== EXERCISE ==
From top to bottom, print the listing word for word and skip any pictures it contains.

== EXERCISE MATERIAL ==
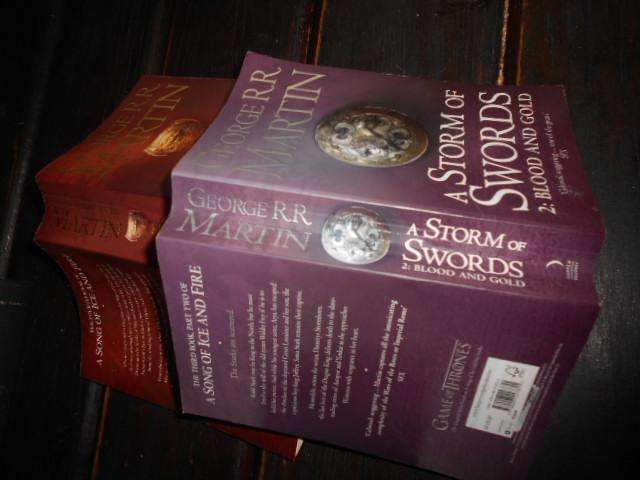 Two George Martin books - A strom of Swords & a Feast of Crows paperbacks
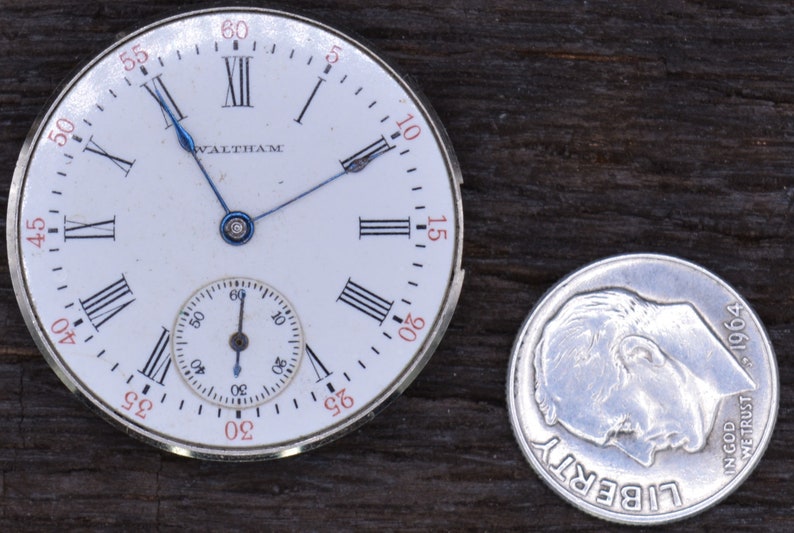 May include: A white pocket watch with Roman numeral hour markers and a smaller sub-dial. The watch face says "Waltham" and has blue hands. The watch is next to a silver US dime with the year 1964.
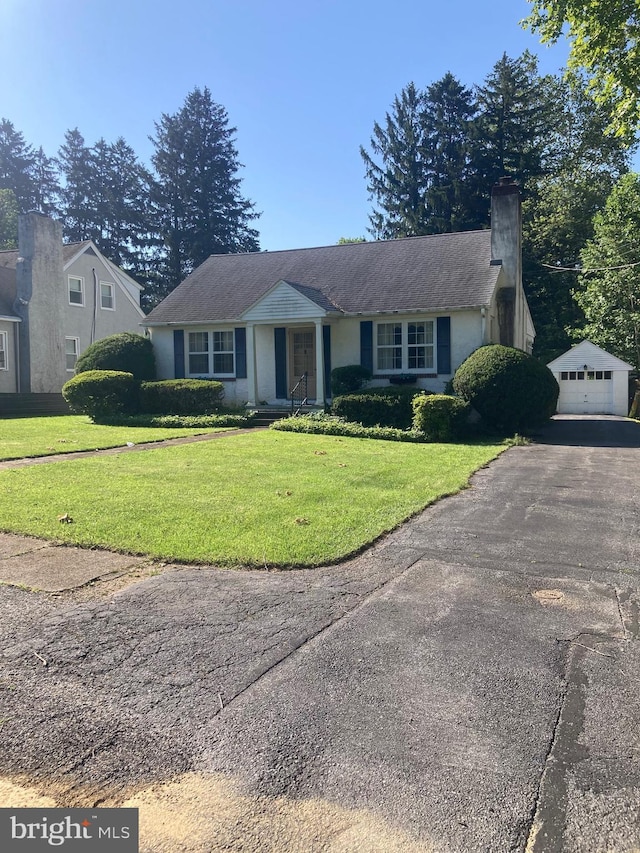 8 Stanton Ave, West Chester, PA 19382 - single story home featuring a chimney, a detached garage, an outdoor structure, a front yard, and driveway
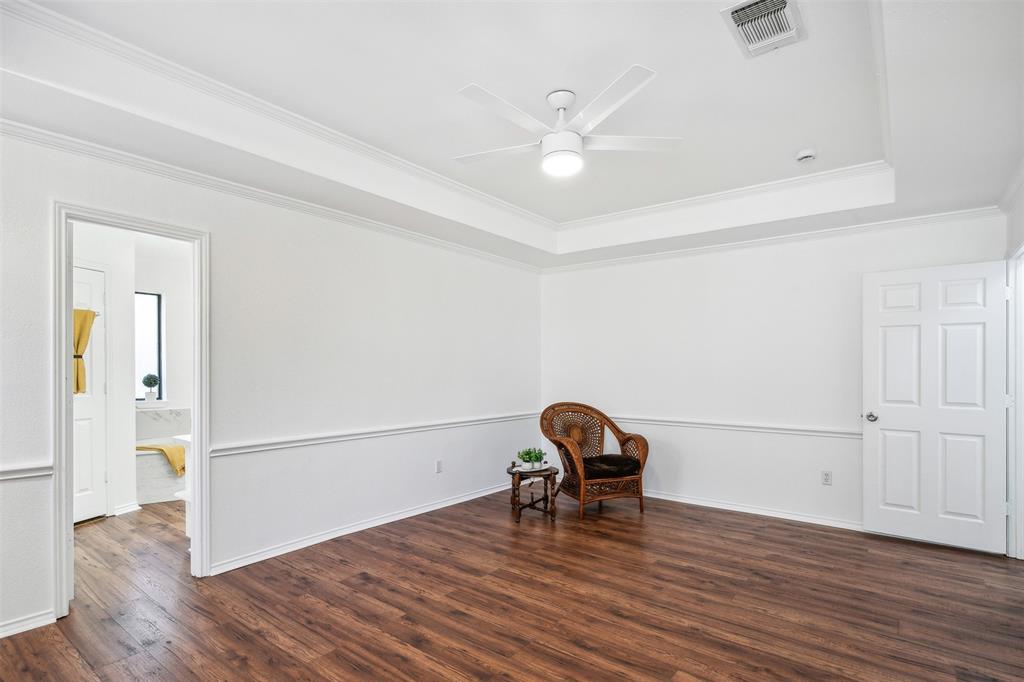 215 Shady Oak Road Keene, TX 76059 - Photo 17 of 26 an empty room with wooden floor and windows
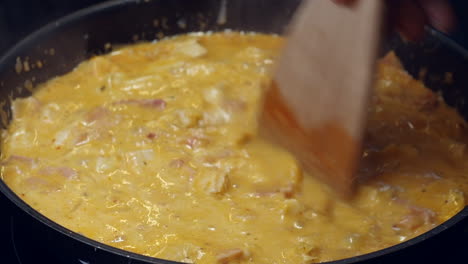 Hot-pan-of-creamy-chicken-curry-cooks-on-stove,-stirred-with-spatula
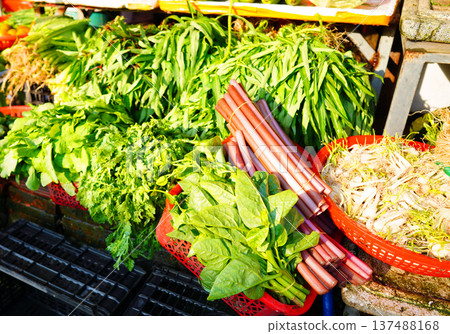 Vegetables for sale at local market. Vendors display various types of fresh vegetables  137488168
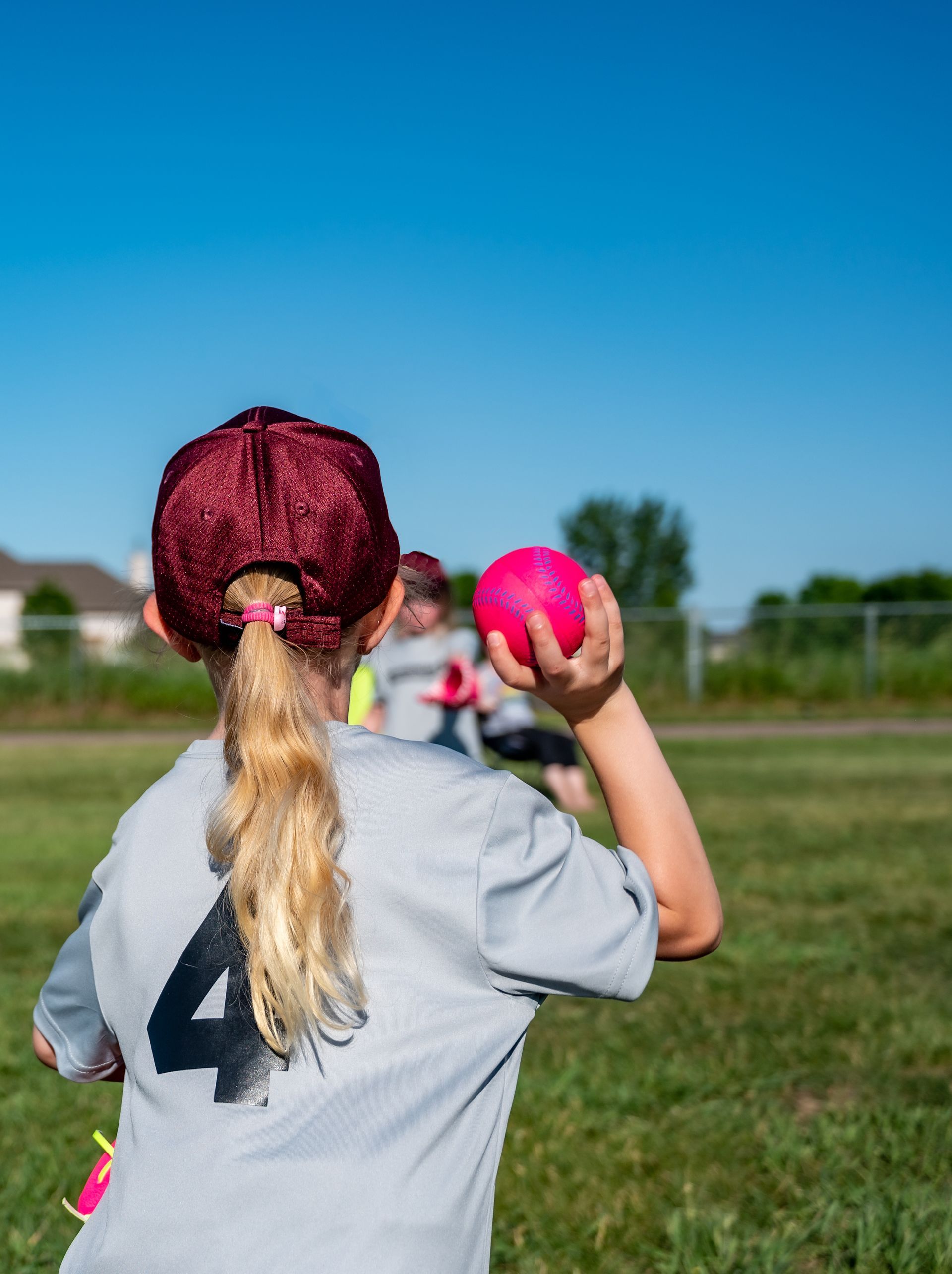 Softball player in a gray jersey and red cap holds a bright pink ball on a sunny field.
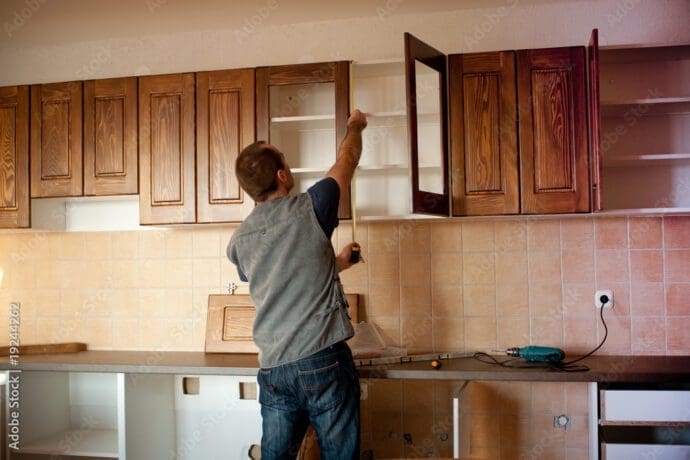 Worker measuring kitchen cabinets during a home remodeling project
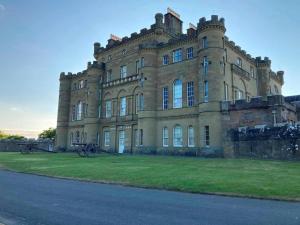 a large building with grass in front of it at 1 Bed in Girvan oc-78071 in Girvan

== WRITTEN ANSWER ==
 Two George Martin books - A strom of Swords & a Feast of Crows paperbacks
 May include: A white pocket watch with Roman numeral hour markers and a smaller sub-dial. The watch face says "Waltham" and has blue hands. The watch is next to a silver US dime with the year 1964.
 8 Stanton Ave, West Chester, PA 19382 - single story home featuring a chimney, a detached garage, an outdoor structure, a front yard, and driveway
 215 Shady Oak Road Keene, TX 76059 - Photo 17 of 26 an empty room with wooden floor and windows
 Hot-pan-of-creamy-chicken-curry-cooks-on-stove,-stirred-with-spatula
 Vegetables for sale at local market. Vendors display various types of fresh vegetables  137488168
 Softball player in a gray jersey and red cap holds a bright pink ball on a sunny field.
 Worker measuring kitchen cabinets during a home remodeling project
 a large building with grass in front of it at 1 Bed in Girvan oc-78071 in Girvan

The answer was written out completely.